Surprisingly, the Ichnographia and the larger Campus
Martius volume of which it forms part have not previously been the
target of such an in-depth interpretive study. This state of affairs stands in
striking contrast to the attention that has recently been lavished on Giovanni
Battista Nolli’s large plan of Rome (1748), the complement and inverse of
Piranesi’s Ichnographia in its sober, documentary focus on
the existing built environment of the eighteenth-century city (Bevilacqua 1998, esp. bibliography). That said, admittedly there
is no shortage of scholarship on Piranesi. Countless volumes, exhibition catalogues,
and essay collections have been devoted to him, many of which include entries on the
Ichnographia and the Campus Martius —
and Connors rightly singles out the excellent work of Mario Bevilacqua in placing
Piranesi alongside his contemporaries and competitors Nolli and Giuseppe Vasi
— but the contextualization that Connors provides has until now been lacking
(Bevilacqua 2004). His study is rich yet
compact: the expanded English text is approximately one hundred pages, while the
Italian version, which is closer to the original lecture in breadth, is shorter, at
roughly forty pages (this review thus primarily concerns the former, although the
dual-language edition is commendable).
Connors’ ostensible point of departure is an incongruously narrow problem:
Piranesi’s unorthodox and ultimately misguided redrawing of the ancient Via
Lata — today’s Via del Corso — which in the
Ichnographia winds a strange, jerking path toward the Trevi
Fountain and up the Pincio Hill, not the direct march from the Capitoline north to
the Porta del Popolo that it did in his own day. The Corso was one of the only
intramural ancient thoroughfares that still survived in recognizable form, and it
was the spine of Renaissance and Baroque Rome. To observers both in Piranesi’s
time and now, the route he outlined must have seemed implausible at best, arbitrary
and ignorant at worst, but Connors engages in his own reconstructive project,
retracing the steps by which Piranesi arrived at this configuration.

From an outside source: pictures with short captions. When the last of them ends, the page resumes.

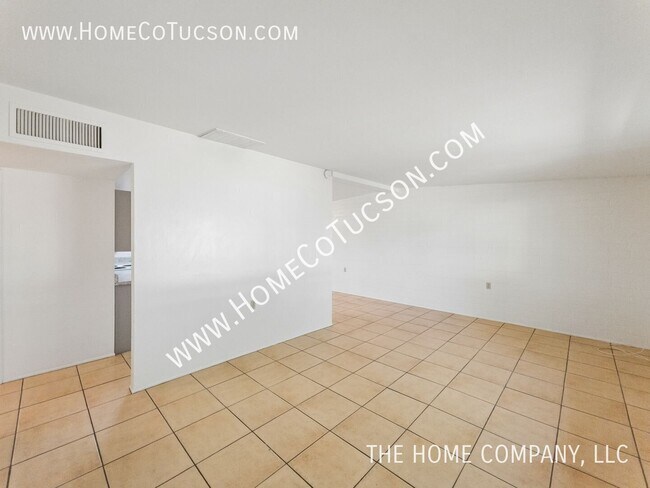 1446 E Iowa Dr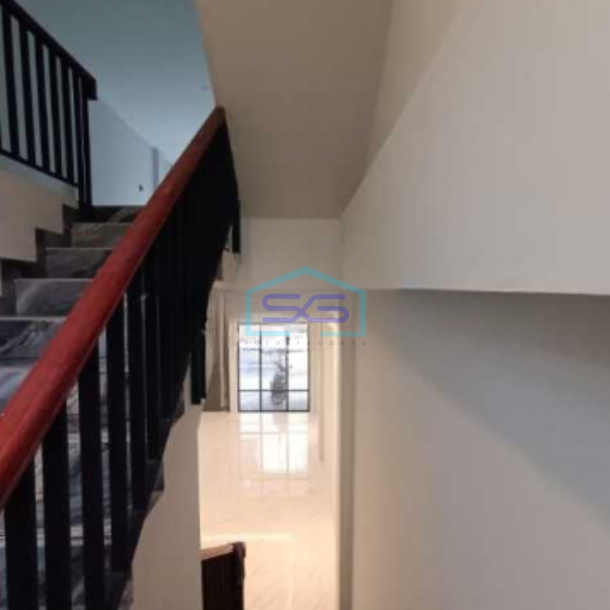 Dijual Ruko 3 Lantai Luas Bangunan 200 m²  Lokasi Bebas Banjir di Jelambar Jakarta Barat-2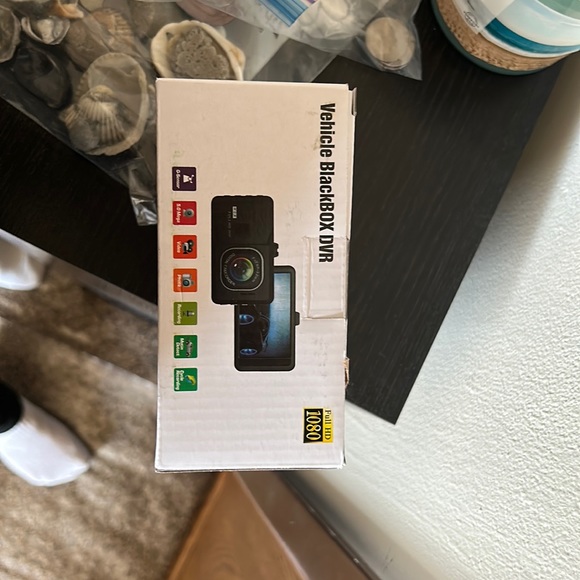 Dashcam - Picture 1 of 1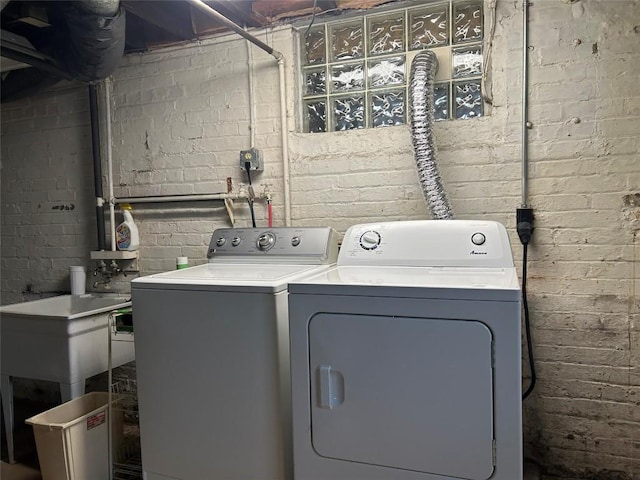 laundry room with laundry area and washing machine and clothes dryer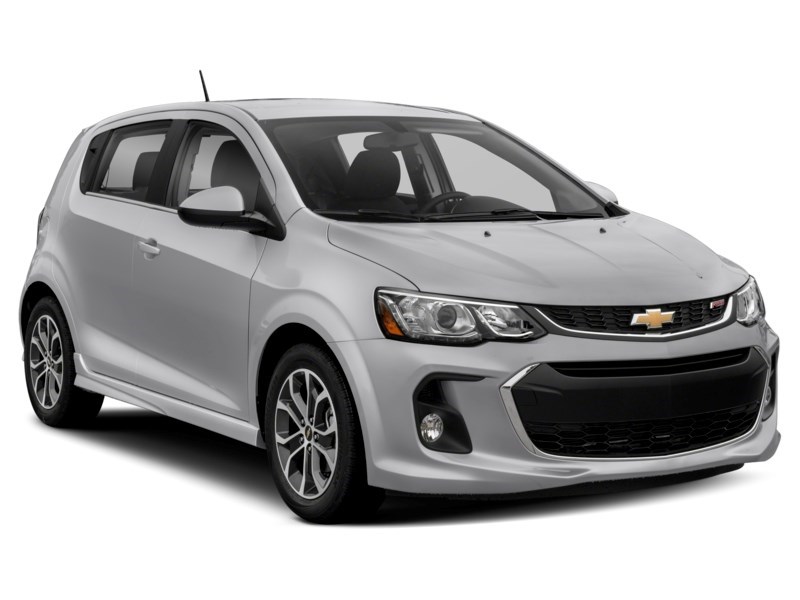 2017 Chevrolet Sonic 5dr HB Auto LT Exterior Shot 9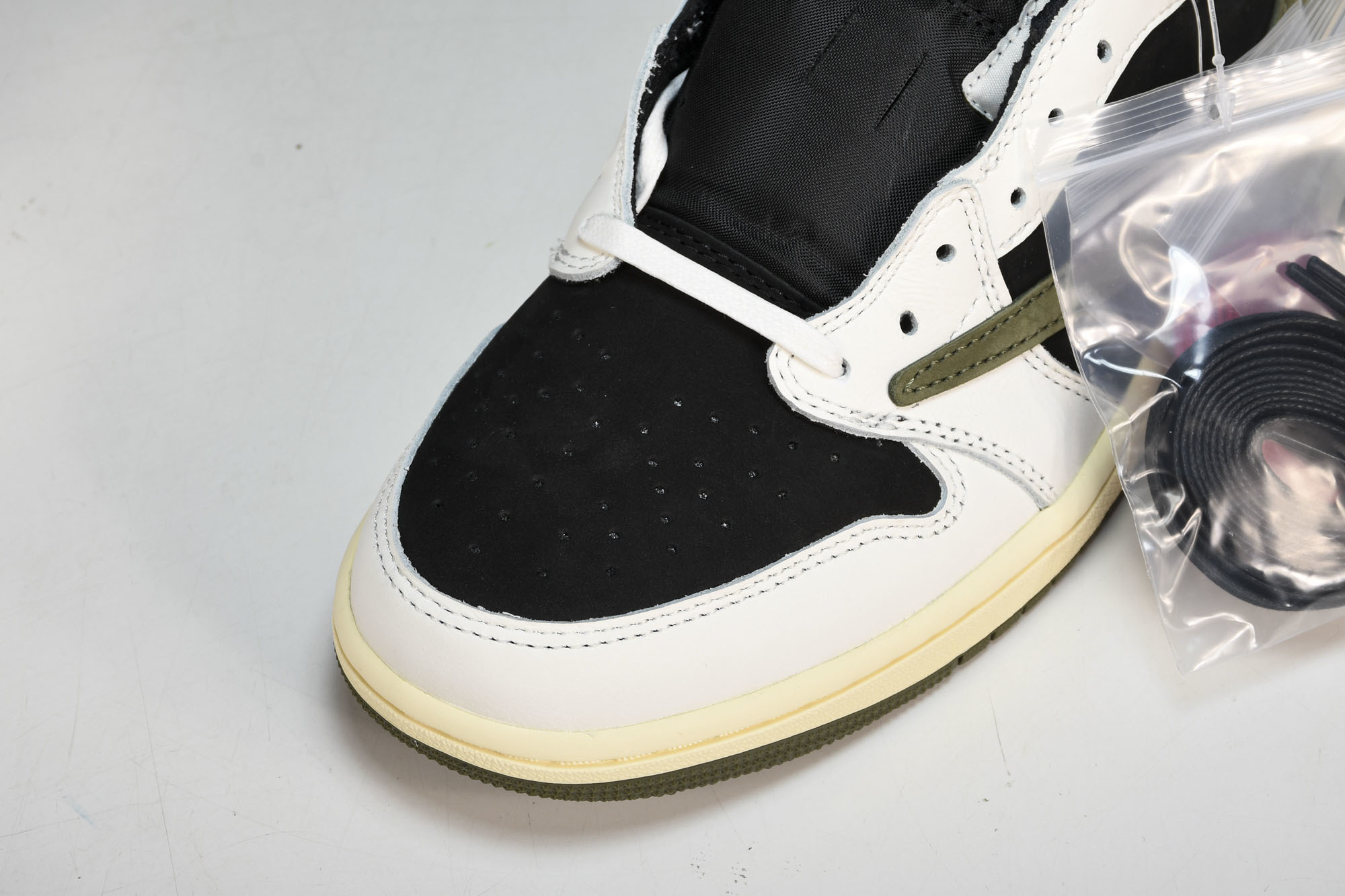 Travis Scott x Air Jordan 1 Low OG WMNS“Olive”橄榄绿 倒钩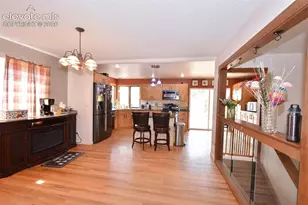 647 Red Cliff Rd, Colorado Springs, CO 80906 - Photo 7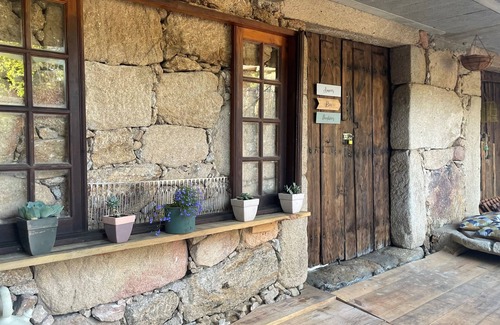 O Freixo Casa | CASA LAS PIEDRAS ( casa 3 gallos )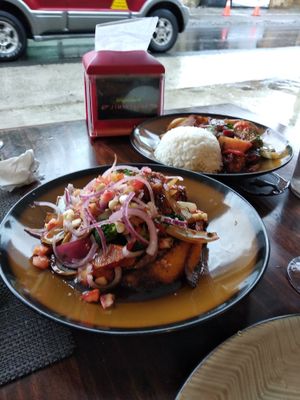 Vegan tofu dishes at Chifa La Familia Feliz in La Fortuna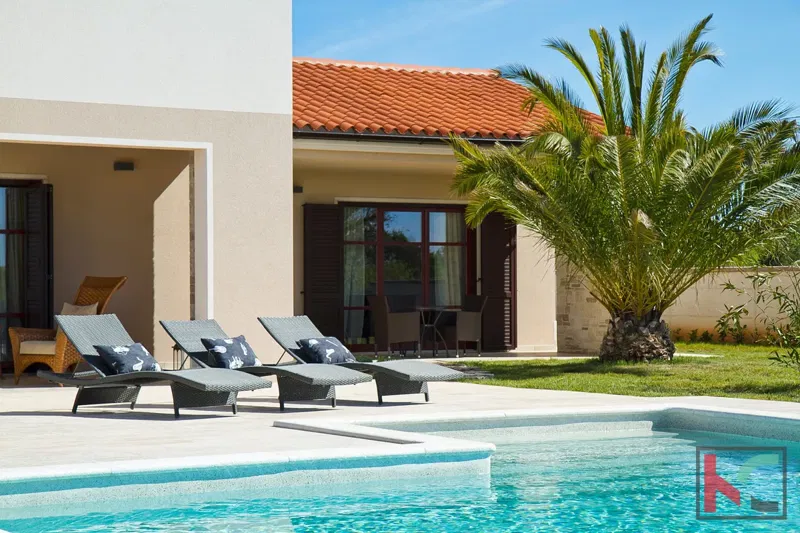 Istria - Juršić beautiful villa 400m2 on a spacious garden / pool 60m2 – 3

That said, on the map, the Corso is inconspicuous, its wanderings all but lost in the
welter of surrounding architectural marvels. The Ichnographia is
really not about streets, and in a sense this is Connors’
point. The map is the quintessential product of an architect, and it privileges
buildings above all else. As Connors demonstrates, Piranesi diverted the path of the
Corso in part so it would skirt the sprawling architectural complexes that he
fabricated from ingenious readings of archaeological evidence combined with
imaginative conjecture. Through case studies of some of the most prominent and
outlandish of these vast complexes, such as the Septa Julia and Bustum Caesaris,
Connors shows that Piranesi was indeed motivated by an impressive store of
antiquarian and archaeological knowledge. But he took license with that knowledge,
shaping it — like the Corso — to serve his own ‘grand
vision’.
The Lost Corso examines the Ichnographia in the
larger context of the Campus Martius volume — plates as well
as text — and situates the whole within the long tradition of reconstructing
the ancient city. Connors provides a comprehensive survey of Piranesi’s
precedents from the early Renaissance to his own time, and one of the book’s
concluding sections brings this history up to the late twentieth century. Many
surprises emerge from Connors’ narrative. This reader, for one, was entirely
unaware that Piranesi’s glorious archaeological fictions were ever taken
seriously. In the dedication of his Campus Martius to Scottish
architect Robert Adam, Piranesi himself wrote, ‘I am rather afraid that some
parts of the Campus which I describe should seem figments of the imagination and not
based on any evidence… [but] perhaps it is part of human nature to demand some
license in creative expression as in other things’ (from the introduction by
John Wilton-Ely, in Piranesi 2002:
27–30). One does wonder just how much of his
Ichnographia Piranesi expected to be received as concrete
archaeological hypothesis, how much as testament to his own powers of invention. Yet
Connors shows many of Piranesi’s clever ‘figments’ to have
retained some influence on archaeologists well into modern times — at least,
they were influential enough to merit discounting.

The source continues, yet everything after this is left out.